Un’antologia come un atto d’amore, degli
studiosi weiliani Domenico Canciani e Maria Antonietta Vito. Con le lettere della
filosofa a Joë Bousquet, il poeta di Carcassonne grande invalido di guerra, e
ad Antonio Atarès, un fuoriuscito anarchico spagnolo, poeta solitario,
internato allo scoppio della guerra, dapprima in Francia poi in Algeria. Con
Bousquet, obbligato all’immobilità a letto, che Simone Weil era andato a
trovare a Carcassonne, il rapporto è molto intellettuale e anzi filosofico, ma
intenso. Scrivendo all’amico che gliela aveva presentata, Bousquet non finisce
più di complimentarsi con se stesso, per avere potuto conversare con “Émile
Novis”, il nome della filosofa nella Resistenza. Con lui Simone spiega anche il
suo proprio problema: non di “sfiducia verso me stessa”, ma “un miscuglio di
disprezzo, odio e repulsione”, per un dolore costante ormai da dodici anni
“attorno al punto centrale del sistema nervoso”. Con Atarès il rapporto è a
distanza, e tuttavia quasi personale, seppure nei limiti dello scambio
epistolare. Non c’era mai stato un incontro fra i due, Simone Weil aveva saputo
di Atarès da Nicolas Lazarevith, uno dei redattori de “La Révolution
prolétarienne”, che era stato internato anche lui in paio di mesi nello stesso
capo del fuoriuscito spagnolo, e ne aveva fatto il simbolo della solitudine,
uno che non riceveva né visite né pacchi né lettere.

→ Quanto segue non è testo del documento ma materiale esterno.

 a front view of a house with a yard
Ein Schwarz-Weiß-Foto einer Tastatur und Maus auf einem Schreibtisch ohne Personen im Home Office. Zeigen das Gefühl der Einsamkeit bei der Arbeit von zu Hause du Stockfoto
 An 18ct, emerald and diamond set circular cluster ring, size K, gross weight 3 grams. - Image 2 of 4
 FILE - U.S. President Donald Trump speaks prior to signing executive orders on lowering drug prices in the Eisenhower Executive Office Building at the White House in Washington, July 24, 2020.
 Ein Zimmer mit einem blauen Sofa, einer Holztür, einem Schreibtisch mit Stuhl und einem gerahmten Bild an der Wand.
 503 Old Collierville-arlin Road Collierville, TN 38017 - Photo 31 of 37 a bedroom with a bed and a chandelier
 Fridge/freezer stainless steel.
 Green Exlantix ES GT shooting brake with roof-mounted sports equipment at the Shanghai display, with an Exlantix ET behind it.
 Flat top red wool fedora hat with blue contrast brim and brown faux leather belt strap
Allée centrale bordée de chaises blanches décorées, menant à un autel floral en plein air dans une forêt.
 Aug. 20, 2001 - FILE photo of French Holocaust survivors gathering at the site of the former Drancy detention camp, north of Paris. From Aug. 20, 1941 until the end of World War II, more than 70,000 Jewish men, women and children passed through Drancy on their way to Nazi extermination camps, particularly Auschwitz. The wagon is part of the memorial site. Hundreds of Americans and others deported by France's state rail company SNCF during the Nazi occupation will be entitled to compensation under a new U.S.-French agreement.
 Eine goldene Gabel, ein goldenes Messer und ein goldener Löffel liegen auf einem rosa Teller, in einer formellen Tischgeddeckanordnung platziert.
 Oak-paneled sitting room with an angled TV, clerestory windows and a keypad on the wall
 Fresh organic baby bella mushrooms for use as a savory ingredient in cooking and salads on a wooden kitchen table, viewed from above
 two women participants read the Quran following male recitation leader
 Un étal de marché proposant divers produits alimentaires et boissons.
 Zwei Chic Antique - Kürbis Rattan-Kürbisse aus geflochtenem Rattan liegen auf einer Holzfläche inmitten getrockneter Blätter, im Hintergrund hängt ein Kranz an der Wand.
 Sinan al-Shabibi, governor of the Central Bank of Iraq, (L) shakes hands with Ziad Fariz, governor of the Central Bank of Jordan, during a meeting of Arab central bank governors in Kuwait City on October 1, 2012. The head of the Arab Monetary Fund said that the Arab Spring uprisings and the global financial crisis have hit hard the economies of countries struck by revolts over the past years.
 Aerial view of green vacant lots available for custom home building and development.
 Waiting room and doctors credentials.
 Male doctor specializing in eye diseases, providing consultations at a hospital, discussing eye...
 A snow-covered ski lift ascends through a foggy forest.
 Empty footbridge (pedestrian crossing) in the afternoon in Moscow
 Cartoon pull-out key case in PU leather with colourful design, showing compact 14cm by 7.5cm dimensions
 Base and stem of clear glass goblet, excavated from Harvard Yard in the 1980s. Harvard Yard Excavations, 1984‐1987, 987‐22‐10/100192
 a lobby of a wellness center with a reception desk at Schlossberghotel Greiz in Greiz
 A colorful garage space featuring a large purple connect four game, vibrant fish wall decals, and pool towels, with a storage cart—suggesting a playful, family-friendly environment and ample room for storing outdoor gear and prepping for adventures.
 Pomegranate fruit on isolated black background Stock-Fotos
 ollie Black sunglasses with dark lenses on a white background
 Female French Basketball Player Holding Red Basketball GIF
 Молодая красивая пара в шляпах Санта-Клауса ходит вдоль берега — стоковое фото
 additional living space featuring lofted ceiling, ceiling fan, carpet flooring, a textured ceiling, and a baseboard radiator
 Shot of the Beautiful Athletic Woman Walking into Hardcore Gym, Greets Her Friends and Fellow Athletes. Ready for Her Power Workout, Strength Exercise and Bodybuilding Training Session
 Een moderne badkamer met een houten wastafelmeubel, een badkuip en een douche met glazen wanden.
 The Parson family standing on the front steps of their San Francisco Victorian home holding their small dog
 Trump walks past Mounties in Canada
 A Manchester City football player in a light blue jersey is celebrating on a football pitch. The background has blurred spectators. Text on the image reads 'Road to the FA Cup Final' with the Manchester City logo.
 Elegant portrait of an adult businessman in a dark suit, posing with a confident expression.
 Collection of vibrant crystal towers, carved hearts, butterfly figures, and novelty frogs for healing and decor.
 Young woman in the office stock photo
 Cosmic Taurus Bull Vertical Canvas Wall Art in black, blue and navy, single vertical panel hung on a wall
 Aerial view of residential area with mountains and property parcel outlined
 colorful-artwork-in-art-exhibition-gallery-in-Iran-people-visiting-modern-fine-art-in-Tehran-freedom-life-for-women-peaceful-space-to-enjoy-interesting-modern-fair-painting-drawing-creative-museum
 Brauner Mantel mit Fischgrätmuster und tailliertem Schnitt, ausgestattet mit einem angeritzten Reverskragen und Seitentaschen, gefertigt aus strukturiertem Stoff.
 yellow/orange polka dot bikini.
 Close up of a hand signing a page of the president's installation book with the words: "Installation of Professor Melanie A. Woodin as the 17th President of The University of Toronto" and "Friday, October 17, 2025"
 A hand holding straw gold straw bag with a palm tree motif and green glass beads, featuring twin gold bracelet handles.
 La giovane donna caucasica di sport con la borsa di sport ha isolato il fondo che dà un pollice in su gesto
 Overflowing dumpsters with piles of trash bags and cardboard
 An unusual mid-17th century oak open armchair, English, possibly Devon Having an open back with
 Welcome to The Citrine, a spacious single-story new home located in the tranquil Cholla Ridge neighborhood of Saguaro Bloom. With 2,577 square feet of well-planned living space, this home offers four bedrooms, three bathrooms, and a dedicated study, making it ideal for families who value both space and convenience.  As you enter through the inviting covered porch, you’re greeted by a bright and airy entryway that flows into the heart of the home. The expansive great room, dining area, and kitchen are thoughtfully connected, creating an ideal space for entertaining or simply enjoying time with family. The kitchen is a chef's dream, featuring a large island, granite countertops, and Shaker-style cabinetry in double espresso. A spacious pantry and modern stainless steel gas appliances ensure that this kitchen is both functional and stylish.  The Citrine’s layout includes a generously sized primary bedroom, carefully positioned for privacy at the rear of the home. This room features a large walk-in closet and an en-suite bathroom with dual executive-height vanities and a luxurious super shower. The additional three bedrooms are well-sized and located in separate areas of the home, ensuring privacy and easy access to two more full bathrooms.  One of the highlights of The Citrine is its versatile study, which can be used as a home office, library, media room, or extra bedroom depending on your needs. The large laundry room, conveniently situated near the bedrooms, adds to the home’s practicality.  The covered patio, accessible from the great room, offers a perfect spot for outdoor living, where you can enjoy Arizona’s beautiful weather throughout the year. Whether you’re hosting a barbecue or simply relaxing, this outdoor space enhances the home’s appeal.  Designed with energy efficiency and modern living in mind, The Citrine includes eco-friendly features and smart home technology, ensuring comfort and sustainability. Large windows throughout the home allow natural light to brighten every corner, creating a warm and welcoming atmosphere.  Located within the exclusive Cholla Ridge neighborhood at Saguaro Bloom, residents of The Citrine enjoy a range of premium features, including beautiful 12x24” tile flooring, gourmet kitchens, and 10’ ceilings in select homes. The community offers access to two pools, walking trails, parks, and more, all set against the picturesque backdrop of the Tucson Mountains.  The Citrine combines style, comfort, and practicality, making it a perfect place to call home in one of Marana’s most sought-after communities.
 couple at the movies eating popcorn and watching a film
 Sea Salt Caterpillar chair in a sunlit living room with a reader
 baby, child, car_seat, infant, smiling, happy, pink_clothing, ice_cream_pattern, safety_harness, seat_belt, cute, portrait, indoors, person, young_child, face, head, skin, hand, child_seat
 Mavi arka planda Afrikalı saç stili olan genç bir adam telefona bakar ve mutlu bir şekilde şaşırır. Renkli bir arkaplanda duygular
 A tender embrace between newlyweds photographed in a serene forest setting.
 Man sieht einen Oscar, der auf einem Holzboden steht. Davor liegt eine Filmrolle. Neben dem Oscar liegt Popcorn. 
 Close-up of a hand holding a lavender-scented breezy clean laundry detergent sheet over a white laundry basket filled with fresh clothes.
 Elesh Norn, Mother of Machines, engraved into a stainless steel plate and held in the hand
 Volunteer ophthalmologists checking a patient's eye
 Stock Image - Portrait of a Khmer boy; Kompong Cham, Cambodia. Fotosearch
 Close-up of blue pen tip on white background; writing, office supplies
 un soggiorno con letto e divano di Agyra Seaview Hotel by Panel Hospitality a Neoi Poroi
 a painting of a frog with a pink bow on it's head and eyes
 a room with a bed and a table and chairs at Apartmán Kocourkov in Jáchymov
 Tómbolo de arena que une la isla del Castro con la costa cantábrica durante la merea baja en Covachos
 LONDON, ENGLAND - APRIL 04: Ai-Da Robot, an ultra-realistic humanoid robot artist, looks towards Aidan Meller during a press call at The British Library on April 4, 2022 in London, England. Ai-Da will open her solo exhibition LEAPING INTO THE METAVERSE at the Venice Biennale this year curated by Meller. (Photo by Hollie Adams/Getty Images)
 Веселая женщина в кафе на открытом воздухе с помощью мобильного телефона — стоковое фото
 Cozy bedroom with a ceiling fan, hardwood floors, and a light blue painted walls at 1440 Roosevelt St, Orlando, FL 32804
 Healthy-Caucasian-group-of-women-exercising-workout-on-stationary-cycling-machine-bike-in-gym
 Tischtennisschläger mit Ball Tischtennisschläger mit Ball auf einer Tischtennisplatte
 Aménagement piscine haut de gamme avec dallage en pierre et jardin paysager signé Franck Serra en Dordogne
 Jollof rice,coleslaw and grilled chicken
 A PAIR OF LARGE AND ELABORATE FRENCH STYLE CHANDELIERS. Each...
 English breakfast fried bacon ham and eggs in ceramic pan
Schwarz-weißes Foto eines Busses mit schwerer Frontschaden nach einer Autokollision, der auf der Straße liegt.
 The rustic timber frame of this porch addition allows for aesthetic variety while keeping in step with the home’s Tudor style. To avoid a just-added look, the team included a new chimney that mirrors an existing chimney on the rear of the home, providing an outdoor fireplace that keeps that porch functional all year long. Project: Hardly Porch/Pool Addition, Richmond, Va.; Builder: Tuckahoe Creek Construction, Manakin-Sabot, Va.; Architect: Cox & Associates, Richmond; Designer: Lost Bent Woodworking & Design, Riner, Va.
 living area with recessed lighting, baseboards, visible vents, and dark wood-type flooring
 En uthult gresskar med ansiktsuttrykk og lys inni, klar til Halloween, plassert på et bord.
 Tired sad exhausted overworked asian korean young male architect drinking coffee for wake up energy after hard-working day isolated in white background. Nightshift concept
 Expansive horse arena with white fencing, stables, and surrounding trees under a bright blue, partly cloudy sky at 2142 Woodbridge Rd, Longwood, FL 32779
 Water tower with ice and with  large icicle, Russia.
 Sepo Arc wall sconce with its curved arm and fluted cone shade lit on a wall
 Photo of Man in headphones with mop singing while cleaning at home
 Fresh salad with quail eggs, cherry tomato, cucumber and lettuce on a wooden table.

Una forma di amicizia simile in entrambi
i casi, di comunione nella disgrazia, al confine con la generosità che è il
segno di Simone Weil, fino al dispendio di sé. Ma con Atarès c’è di più: con lo
sconosciuto Simone Weil vive in realtà quello che di persone non ha mai potuto,
una sorta di passione. “Tu ed io”, mette a punto Simone in una delle prime
lettere, “ciò che diamo l’uno all’altro e ciò che riceviamo l’uno dall’altro,
sono pensieri e sentimenti sotto forma di lettera….Ma al di fuori di ciò, non
pensiamoci mai, né l’uno né l’altro, perché questo non entra per niente nei
nostri rapporti personali”. E invece no.
Il nerbo del libro
è però la riproposta, in una nuova traduzione
(dopo quella ricompresa nell’antologia tradotta da Orsola Nemi per
Rusconi sotto il titolo “Attesa di Dio”), del lungo saggio “Forme dell’amore
implicito di Dio”. Uno dei cinque, composti tra il 1941-1942, che Simone Weil
lasciò al padre domenicano Joseph_Marie Perrin, suo consigliere spirituale,
prima di partire per l’America e Londra - sotto il titolo “Amicizia pura”,
Canciani e Vito hanno in realtà composto un’antologia degli scritti degli anni
di guerra che Simone Weil visse da sfollata a Marsiglia. È un argomento che
Simone tratterà in una lunga lettera al padre Perrin, la sua ultima da
Marsiglia, perché è all’origine di un lungo litigio tra i due.
La fede di Simone
Weil qui è incontrovertibile – è anche la traccia che hanno seguito i due papi
regnanti nello loro comune enciclica, un anno e mezzo fa, “Lumen Fidei”. Dio è
universale, l’amore è universale, la chiesa dev’essere di tutti. “Il
comandamento «ama Dio»” si applica ancora prima che Dio “venga in persona a
prendere la mano della sua futura sposa”. Prima, “si può chiamarlo amore
indiretto o implicito di Dio”. Di ragionamento in ragionamento la conclusione è:
“Non c’è nella vita umana regione che sia dominio della natura. Il
soprannaturale è presente dappertutto in segreto”. Di conseguenza “Il
cristianesimo non s’incarnerà finché non si sia annesso il pensiero stoico, la pietà filiale per la città del mondo, per
la patria di quaggiù che è l’universo”.